E naturalmente questa è la speranza di tutti, ma va anche detto che per ora è solo
wishful thinking, almeno fino a prova contraria. Intanto perché la durata di questa ‘scomparsa’ del virus dell’HIV è di appena due settimane; poi perché il paziente ‘X’ è in cura, oltre che con il vorinostat, anche con la terapia anti-retrovirale, che da sola è in grado di produrre la ‘scomparsa’ del virus dal sangue. Scomparsa purtroppo non definitiva, perché alla sospensione degli anti-retrovirali il virus ricompare nel sangue. La speranza è che il vorinostat possa aiutare il sistema immunitario dell’ospite a fare la sua parte nella lotta all’HIV e quindi ad eradicare la malattia.
Al di là delle notizie ‘strillate’ e del comprensibile entusiasmo del paziente, che sta rilasciando interviste
urbi et orbi, nella speranza ovviamente di guarire ma anche di entrare nella storia, il
trial inglese poggia su basi scientifiche molto solide.
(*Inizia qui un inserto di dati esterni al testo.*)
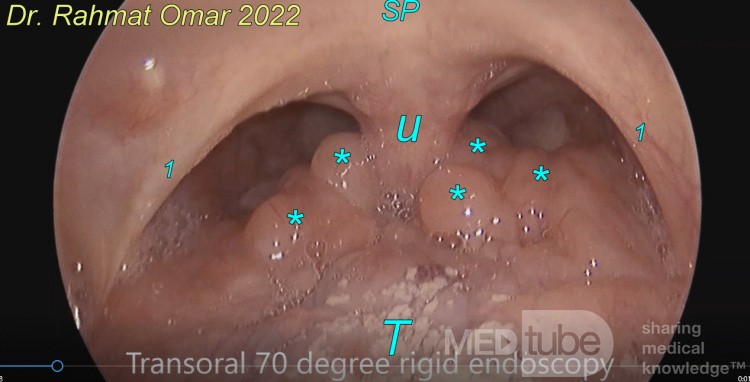 Zungenmandeln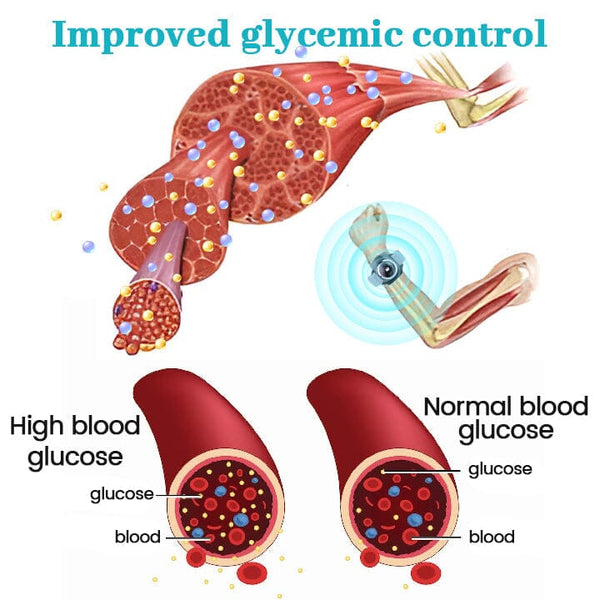 FLYCARE™ GylcoNova Electric Pulse Device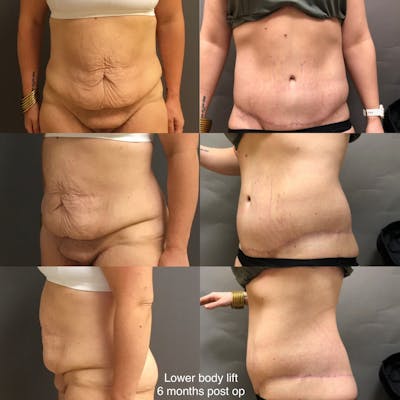 Body Lift Before & After Gallery - Patient 232533 - Image 1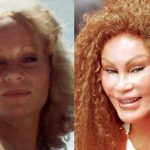 Jocelyn Wildenstein before and after plastic surgery (01)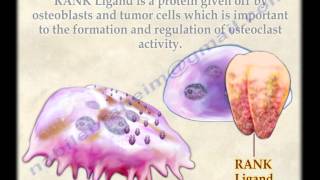 Osteoclasts  Everything You Need To Know  Dr Nabil Ebraheim [upl. by Orin]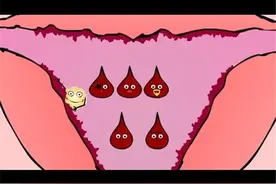 一个月月经来2次，可能是以下7个原因图片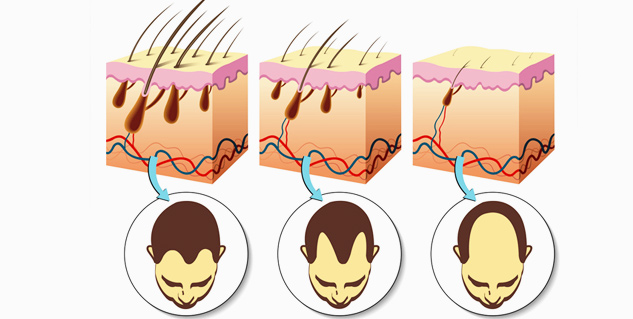 Insidedhtandbaldness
Parte dalla constatazione che finora tutti gli sforzi di terapia fatti contro questo virus, si sono infranti sullo scoglio delle cellule infette ‘dormienti’, che albergano il virus.
Il
trial RIVERS (
Research in Viral Eradication of HIV Reservoirs), condotto da
Sarah Fidler, professoressa di
HIV Medicine all’
Imperial College di Londra, che spera di portare ad una cura definitiva per l’AIDS, è stato soprannominato ‘
kick and kill’ perché questa strategia terapeutica dà letteralmente uno scossone alle cellule immunitarie dormienti infettate dall’HIV,scatenando quindi il sistema immunitario contro il virus. E questo si spera di ottenerlo utilizzando appunto il vorinostat, farmaco usato finora come anti-neoplastico.
Finora sono stati reclutati 39 dei 50 pazienti previsti per questo studio; a tutti viene somministrata la terapia antiretrovirale classica; ad una metà di loro viene somministrato anche il vorinostat e inoltre anche due vaccini che dovrebbero rafforzare il sistema immunitario nella sua lotta contro l’HIV.
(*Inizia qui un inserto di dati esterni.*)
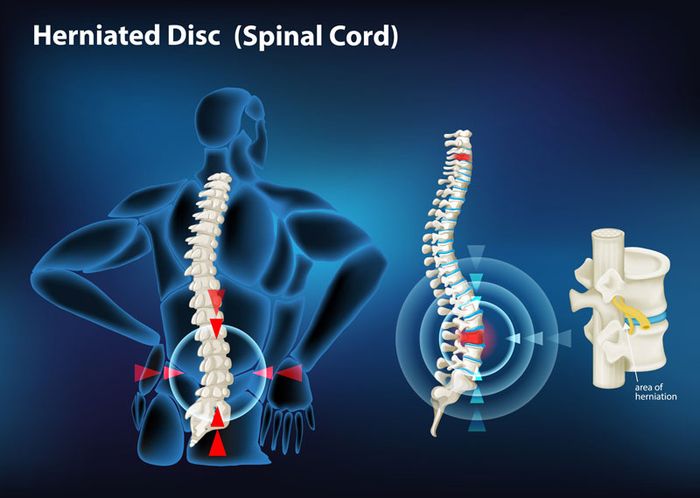 Bệnh nhân cần được phẫu thuật khi có dấu hiệu liệt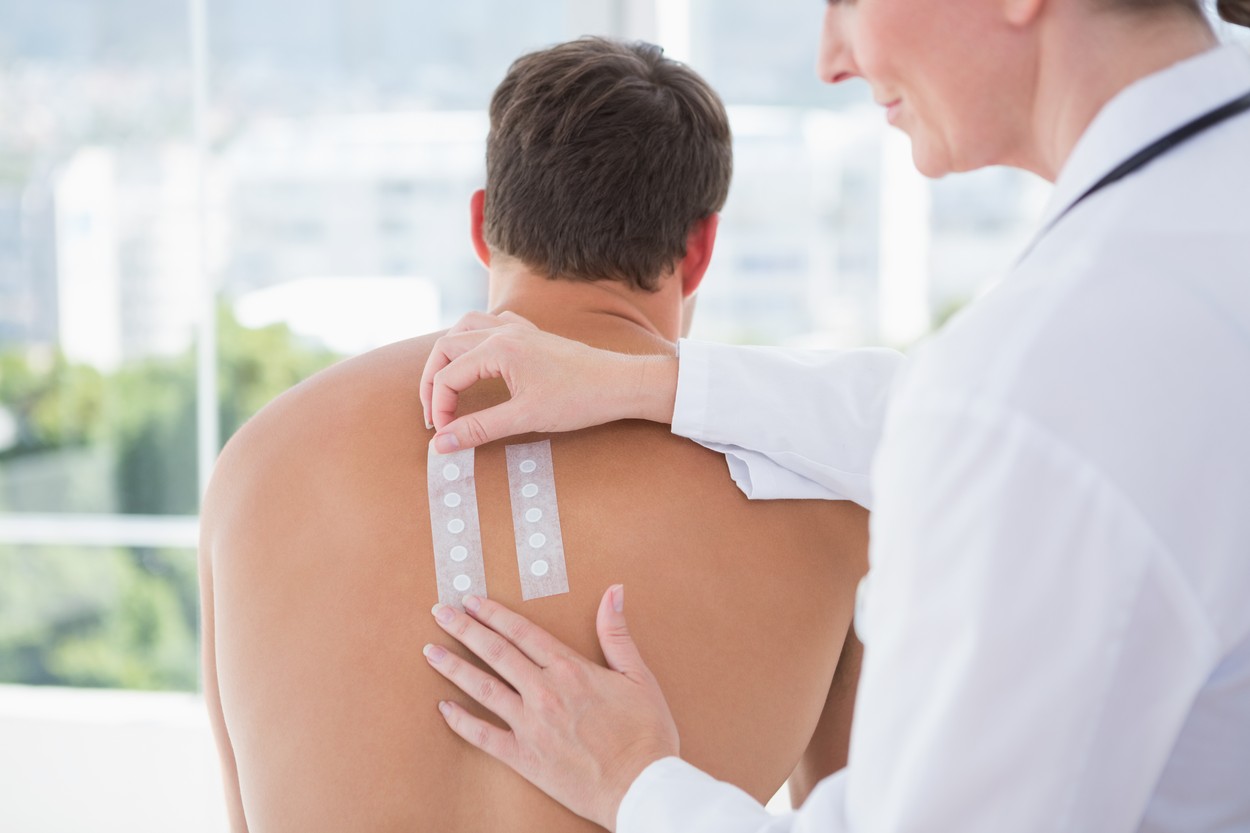 Simptome Covid-19 la care nu te-ai gândit. Virusul poate afecta și pielea, spun dermatologii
Insomma, se fino ad oggi l’obiettivo della terapia anti-retrovirale era di far scomparire il virus dal sangue, facendo star bene il paziente e proteggendo i contatti dal contagio, questo protocollo terapeutico di nuova generazione mira molto più in alto, cioè alla completa eradicazione del virus, stanandolo dai suoi
reservoir immunitari, senza limitarsi solo a sopprimerlo e a farlo scomparire dal sangue.
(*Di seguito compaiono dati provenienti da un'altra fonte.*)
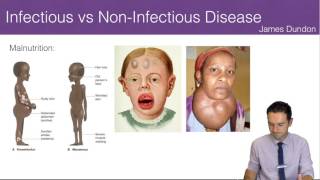 Infectious vs NonInfectious Disease [upl. by Boudreaux]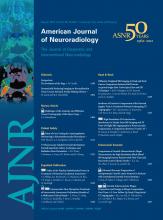 American Journal of Neuroradiology: 33 (7)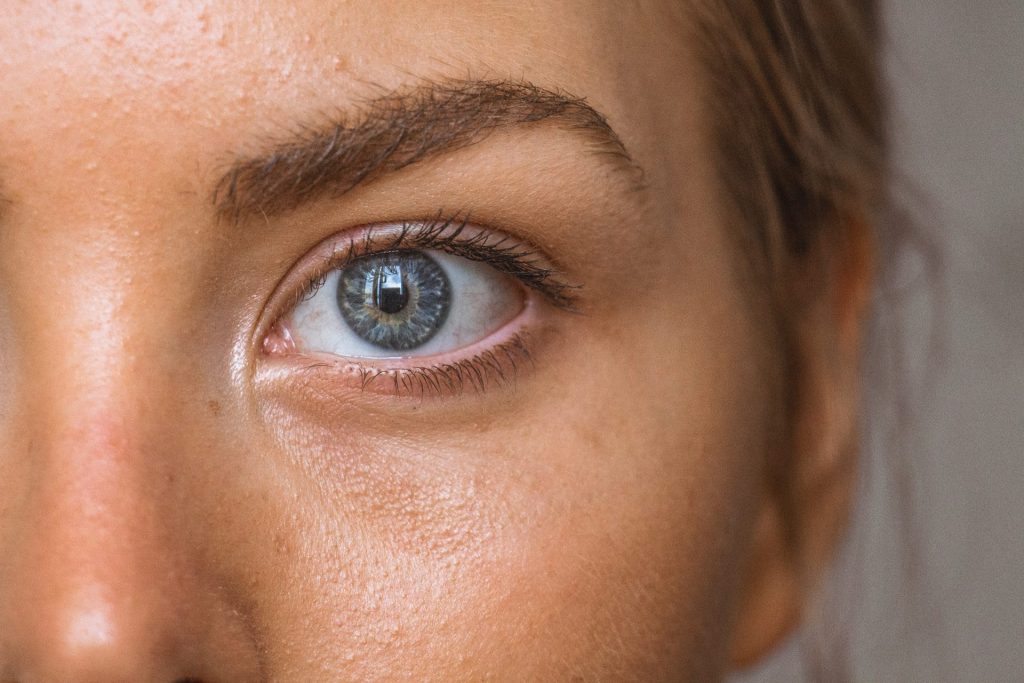 dark eye circles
Ce n’è di che entusiasmarsi. Ma forse sarebbe il caso di attendere i risultati definitivi del
trial (previsti nel 2018) e magari la sua pubblicazione in una rivista
peer reviewed. Un obiettivo intanto è stato comunque centrato: far lavorare gomito a gomito Oxford e Cambridge, storiche rivali da oltre 800 anni. E chissà che questa alleanza scientifica non porti davvero ad un risultato storico.